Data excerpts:
○ ○ ○

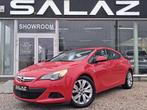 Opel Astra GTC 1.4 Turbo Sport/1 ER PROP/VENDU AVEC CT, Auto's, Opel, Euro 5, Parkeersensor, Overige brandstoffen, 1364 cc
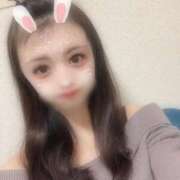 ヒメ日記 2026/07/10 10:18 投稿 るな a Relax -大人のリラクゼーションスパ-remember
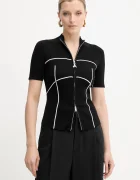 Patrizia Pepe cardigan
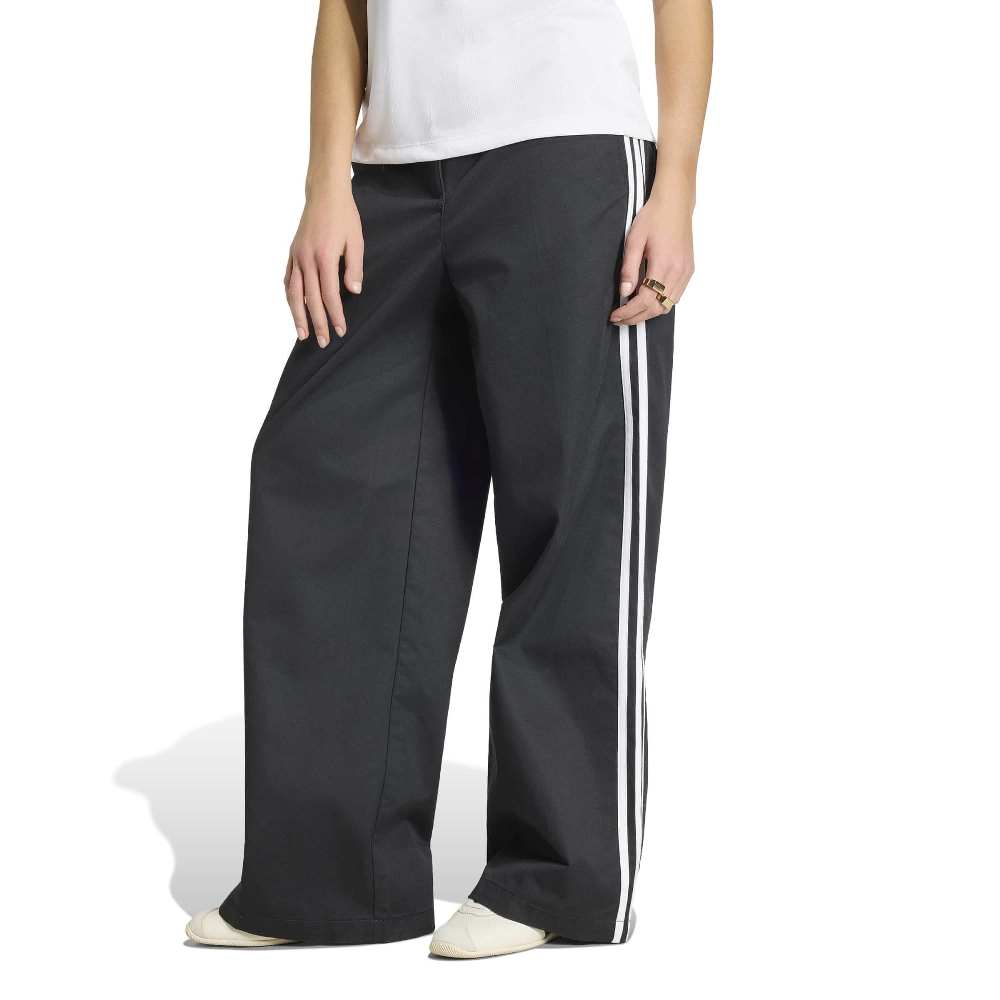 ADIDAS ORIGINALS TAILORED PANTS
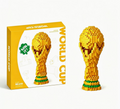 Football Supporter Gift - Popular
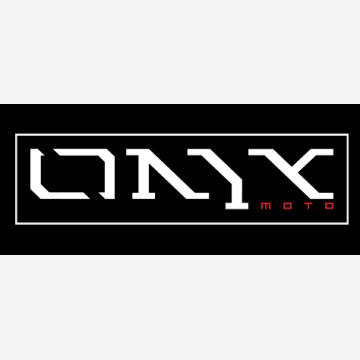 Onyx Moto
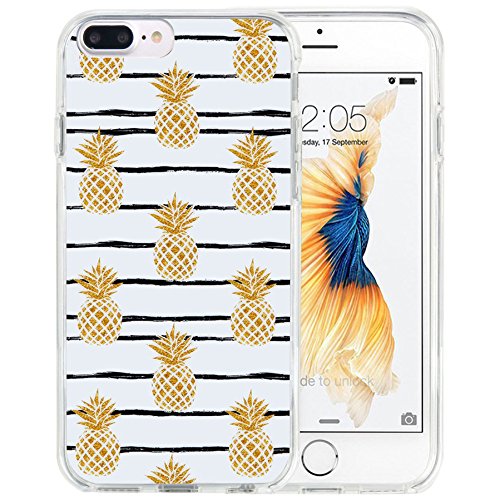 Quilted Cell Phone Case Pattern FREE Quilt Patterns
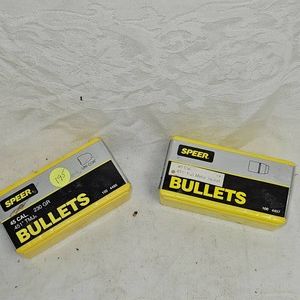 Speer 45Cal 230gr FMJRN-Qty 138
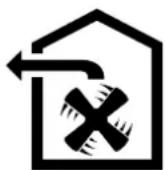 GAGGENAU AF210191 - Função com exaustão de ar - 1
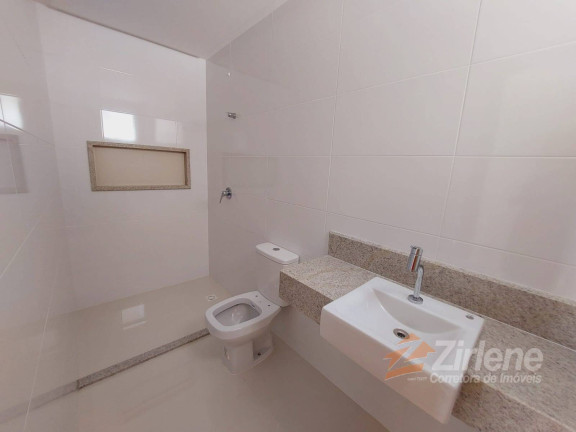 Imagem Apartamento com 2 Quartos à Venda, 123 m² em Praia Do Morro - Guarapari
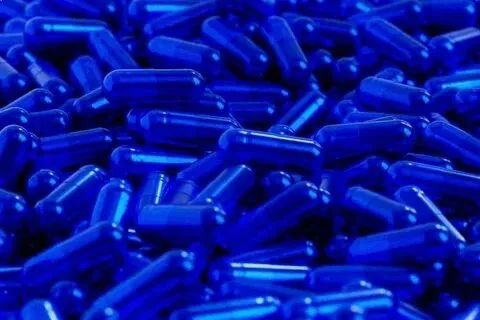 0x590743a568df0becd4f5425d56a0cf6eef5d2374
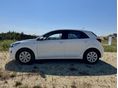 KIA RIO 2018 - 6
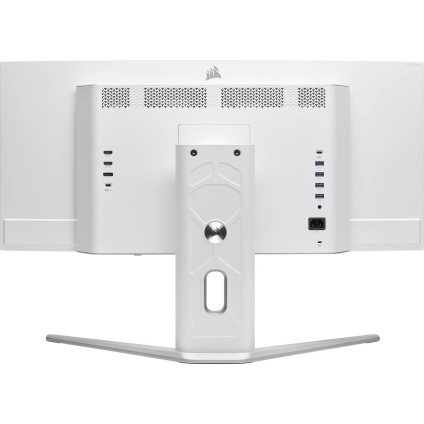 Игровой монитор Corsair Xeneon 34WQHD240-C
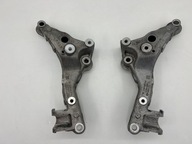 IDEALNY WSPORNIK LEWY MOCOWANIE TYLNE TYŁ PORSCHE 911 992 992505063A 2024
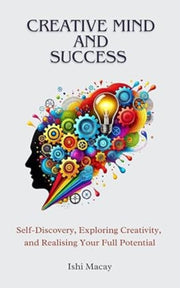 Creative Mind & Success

○ ○ ○

Problem to solve: The copy must start at the line containing "ADIDAS ORIGINALS TAILORED PANTS" and end at the last line of the data, matching each line exactly. It must hold no pictures.

Reply:
 ADIDAS ORIGINALS TAILORED PANTS
 Football Supporter Gift - Popular
 Onyx Moto
 Quilted Cell Phone Case Pattern FREE Quilt Patterns
 Speer 45Cal 230gr FMJRN-Qty 138
 GAGGENAU AF210191 - Função com exaustão de ar - 1
 Imagem Apartamento com 2 Quartos à Venda, 123 m² em Praia Do Morro - Guarapari
 0x590743a568df0becd4f5425d56a0cf6eef5d2374
 KIA RIO 2018 - 6
 Игровой монитор Corsair Xeneon 34WQHD240-C
 IDEALNY WSPORNIK LEWY MOCOWANIE TYLNE TYŁ PORSCHE 911 992 992505063A 2024
 Creative Mind & Success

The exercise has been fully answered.